The energy dynamic around renewables is changing so quickly in Colorado that Zach Pierce, a senior campaign representative for the Sierra Club, can hardly keep up with it. “I feel like we’re having to rewrite the talking points on the drawing board every month in Colorado,” he said.
In December, the state’s largest utility — Xcel Energy — released a short report summarizing the responses to the solicitation it had issued to power suppliers for bids to bring new sources of electricity to the grid. The utility received 430 bids, and 350 of those were for renewable energy projects.
That was remarkable on its own, but what surprised people even more were the bids for projects that added battery storage to the mix. They were cheaper than anyone expected.
“It’s a testament to how quickly the market is changing,” Pierce said.
Changing attitudes
For years, renewable energy advocates have pushed utilities and regulators to consider adding battery storage to their electrical generation portfolios for flexibility and to reduce intermittency problems that come with solar and wind. Until recently, it wasn’t considered a realistic option: Batteries were expensive and largely untested by utilities, and risk-averse regulators mostly let grid managers ignore them in their bids, statements and long-term planning documents.
Analysts say that’s starting to change as batteries come down in price, as momentum builds behind renewables and as renewables create a natural market for storage. Utilities increasingly look at batteries as a tool for leveling out power available over the course of the day and for replacing bulky and expensive peaking power plants that have high costs but only occasionally run at or near full capacity to meet peak demand (in the Southwest, this might be one hot day in the summer when everyone has their air conditioning turned up).
Utilities increasingly look at batteries as a tool for leveling out power available over the course of the day and for replacing bulky and expensive peaking power plants.
Some see the Xcel Energy report as the most recent case in a growing trend. Xcel’s preliminary analysis from December (a more thorough report is expected to come out this month) showed that the median bids for battery storage projects coupled with solar and wind generation came in at about $36 and $21 per megawatt-hour, respectively. The prices of projects that combined solar or wind with storage, according to the report, were still more expensive than conventional fuels but only marginally more expensive than bids for standalone solar or wind projects. What it shows, analysts say, is that utilities can use batteries without adding huge costs to renewable projects.

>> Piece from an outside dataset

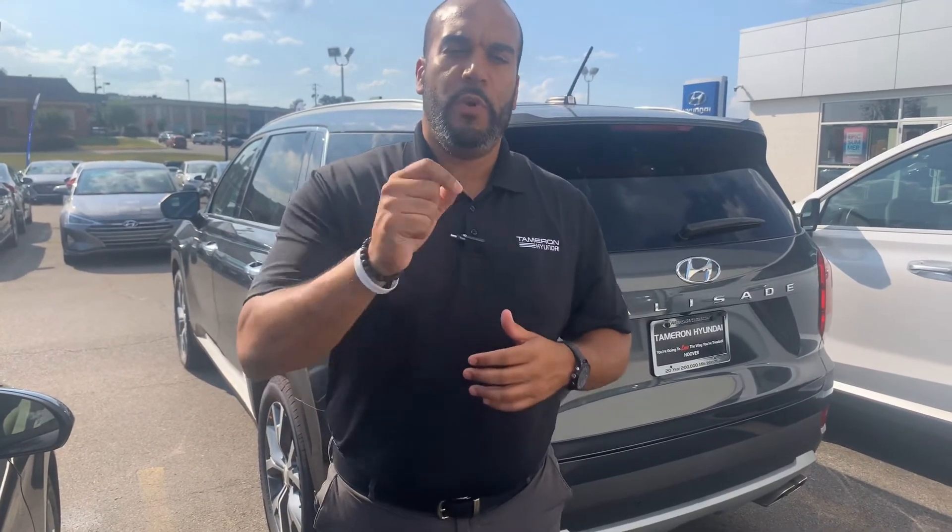Give me a call. My personal cell phone is area code 703-505-1598. Again, I'm Citron from Tamron Hyundai. Let's further discuss these exciting details on these gorgeous brand new vehicles here at Tamron Hyundai. We're going to love the way you're treated.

Xcel is not alone. Utilities across the country appear to be more receptive to the idea of adding storage to their portfolios. Tucson Electric Power’s decision to build a solar-plus-storage project for $45 per megawatt-hour generated dozens of headlines last year — and that price-point is higher than the Xcel median. Earlier this year, NV Energy, an affiliate of Berkshire Hathaway Energy, announced it would include battery storage in its bidding process for the first time. Around the same time, California regulators pushed a utility to procure energy storage as a replacement to natural gas. A few months later, Florida Light & Power announced a project adding storage to an existing solar plant.
Kate McGinnis, Western U.S. market director for Fluence Energy, a global battery storage provider that Siemens and AES Corporation launched last year, stated it’s clear that attitudes toward storage are changing. “We’re seeing utilities talk directly to us to learn more about what storage can do and how it can help them to meet the various grid challenges they are experiencing,” McGinnis said.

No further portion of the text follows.